Any PD who’s worked long enough in a library-based format has a few horror stories connected with an auditorium music test or “AMT.“
Maybe it’s the group of respondents walking across the hotel parking lot together. They may have been friends who’d referred one another to the field service or they’re veterans of so many research studies together that they’ve become friends.
Maybe it’s you pacing frantically from the meeting room to the parking lot … in the hope that enough respondents show up.
Maybe it’s a traffic jam or bad weather that caused a light turnout or cancellation.
Maybe it’s something more exotic, like:
- Respondents going to a bar during the break and returning half in the bag.
- Or a respondent who brought a 6-pack to the test.
- Or a respondent with a seeing eye dog.
- Or a respondent who can’t read or write.
- Or a respondent who went into labor.
- Or a CD or MP3 player that skipped or stuttered or just failed.
- Or breaking news that distracted respondents or caused them to leave.
- Or burned popcorn in the hotel bar causing an evacuation, including the meeting room where the test is being conducted.
- Or a competing station handing out T-shirts and bumper stickers to respondents who are entering a hotel for your test.

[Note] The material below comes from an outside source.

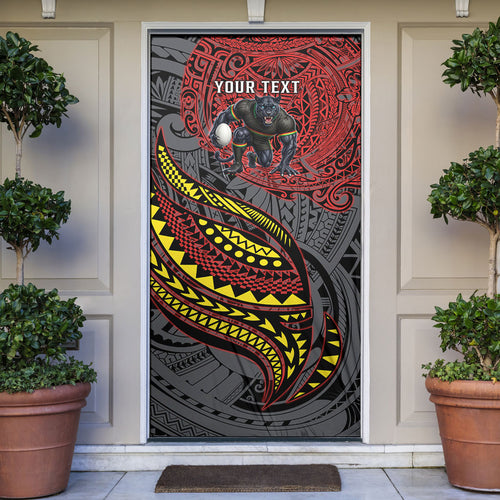 Personalised Penrith Panthers Door Cover Polynesian Tribal Art Style With Fierce Panther Mascot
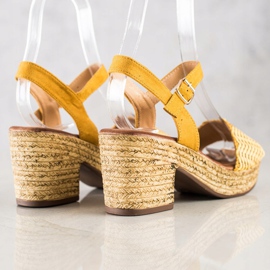 Evento Sandals On A Wide Bar yellow 1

All of those things really happened at auditorium music tests. But none of them are the worst things that happen with AMT’s. The worst things that happen with AMT’s are the things you don’t see.
- The independent recruiter (hired by the field service hired by your research vendor) who skirts the screening questionnaire, “C’mon, you listen to WXXX an hour a day, right?”

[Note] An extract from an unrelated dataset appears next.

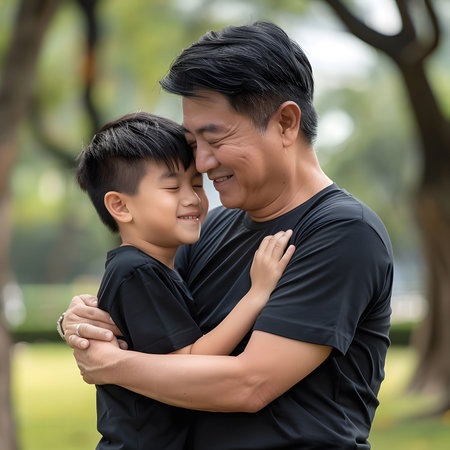 A father and his young son are embracing in a park, both smiling brightly, radiating warmth and love.の素材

- Or that the sample is mainly people who happen to live near the hotel where the test is being conducted – not exactly a representation of the market.

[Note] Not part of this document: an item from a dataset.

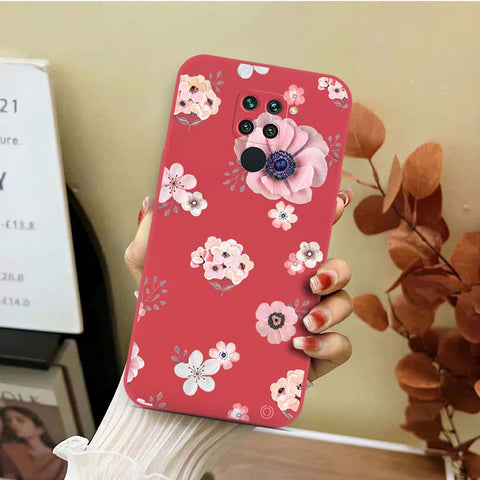 Xiaomi Redmi Note 9 Cover - Red - D2 - ONation Nature Floral Series - HQ Liquid Silicone Soft Case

The AMT used to be a reasonable way to test hundreds of songs using one set of respondents. There was no practical way to get a respondent to listen to 600 hooks on the phone.
But as the Internet has become ubiquitous, we think it’s smarter to use properly-screened online samples to have respondents rate AMT-sized lists of hooks using their computers or tablets or smartphones.
- No field service shenanigans. Respondents who don’t meet the screen don’t take the test. Period.
- No low samples because of traffic jams or bad weather or anything else. We typically overrecruit by about 20 percent so we can use only the best from our pool of perfectly-recruited respondents.
- No moderator travel expense because there’s no moderator.
- Respondents represent a proportional distribution around the metro.
- No meeting to go to; respondents complete the interview when it’s convenient for them.
- Respondents are compensated to take the interview, but you skip paying for refreshments.
- No worries about respondents with small bladders; if they need a break, they click a button and they get an email with a link to resume where they left off.
Decades of AMT’s have left us with war stories to fill a book, but technology has rendered the methodology obsolete. The AMT: may it rest in peace.